- What you will do -
Look in the material below for the line with "So CCS - one" and the line with "What are you", then set down exactly those two lines and all lines between, nothing more.

:: Source data ::

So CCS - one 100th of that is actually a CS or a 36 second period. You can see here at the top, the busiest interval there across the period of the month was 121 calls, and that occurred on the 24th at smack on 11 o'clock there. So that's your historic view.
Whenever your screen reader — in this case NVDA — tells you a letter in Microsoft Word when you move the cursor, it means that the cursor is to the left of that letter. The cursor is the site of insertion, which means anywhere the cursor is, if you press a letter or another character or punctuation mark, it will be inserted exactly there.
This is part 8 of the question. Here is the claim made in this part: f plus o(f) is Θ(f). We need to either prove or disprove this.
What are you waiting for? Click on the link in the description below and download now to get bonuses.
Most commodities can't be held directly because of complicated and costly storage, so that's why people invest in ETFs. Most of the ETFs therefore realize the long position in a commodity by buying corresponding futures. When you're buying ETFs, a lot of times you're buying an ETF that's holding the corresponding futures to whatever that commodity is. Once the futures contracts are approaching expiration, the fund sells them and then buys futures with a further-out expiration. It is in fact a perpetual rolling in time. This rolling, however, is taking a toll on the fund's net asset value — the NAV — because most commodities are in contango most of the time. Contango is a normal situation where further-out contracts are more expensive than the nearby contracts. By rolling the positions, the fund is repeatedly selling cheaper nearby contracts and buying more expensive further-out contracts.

:::
:: Source data ::

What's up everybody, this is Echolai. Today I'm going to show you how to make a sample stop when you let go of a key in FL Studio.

:::
:: Source data ::

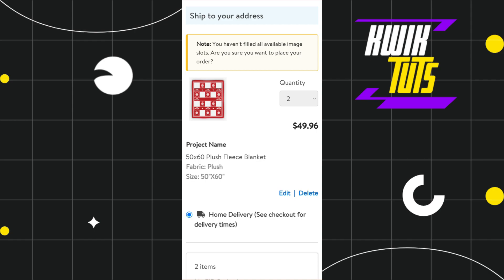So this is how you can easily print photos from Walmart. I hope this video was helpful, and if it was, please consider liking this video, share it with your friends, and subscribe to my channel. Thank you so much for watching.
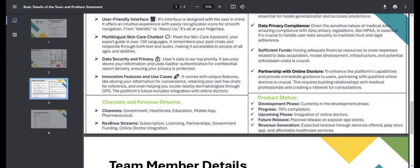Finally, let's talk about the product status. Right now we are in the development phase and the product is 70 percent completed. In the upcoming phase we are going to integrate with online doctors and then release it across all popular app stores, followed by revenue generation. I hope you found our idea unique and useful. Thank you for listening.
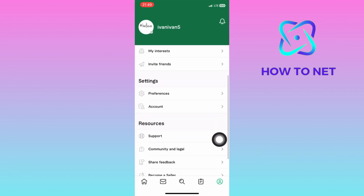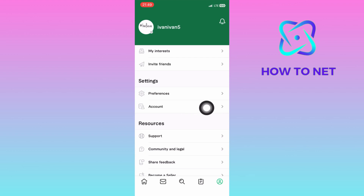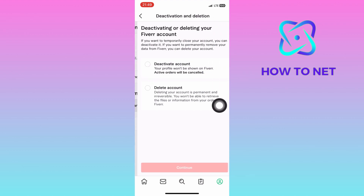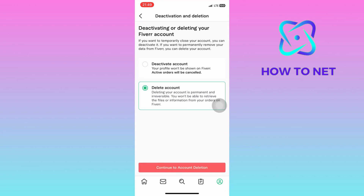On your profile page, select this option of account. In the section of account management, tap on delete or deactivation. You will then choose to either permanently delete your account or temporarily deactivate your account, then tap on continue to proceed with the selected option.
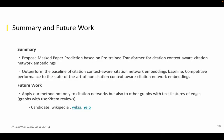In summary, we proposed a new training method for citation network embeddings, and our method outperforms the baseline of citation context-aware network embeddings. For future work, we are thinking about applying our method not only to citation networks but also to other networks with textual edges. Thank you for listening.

:::

- Solution for this exercise -
So CCS - one 100th of that is actually a CS or a 36 second period. You can see here at the top, the busiest interval there across the period of the month was 121 calls, and that occurred on the 24th at smack on 11 o'clock there. So that's your historic view.
Whenever your screen reader — in this case NVDA — tells you a letter in Microsoft Word when you move the cursor, it means that the cursor is to the left of that letter. The cursor is the site of insertion, which means anywhere the cursor is, if you press a letter or another character or punctuation mark, it will be inserted exactly there.
This is part 8 of the question. Here is the claim made in this part: f plus o(f) is Θ(f). We need to either prove or disprove this.
What are you waiting for? Click on the link in the description below and download now to get bonuses.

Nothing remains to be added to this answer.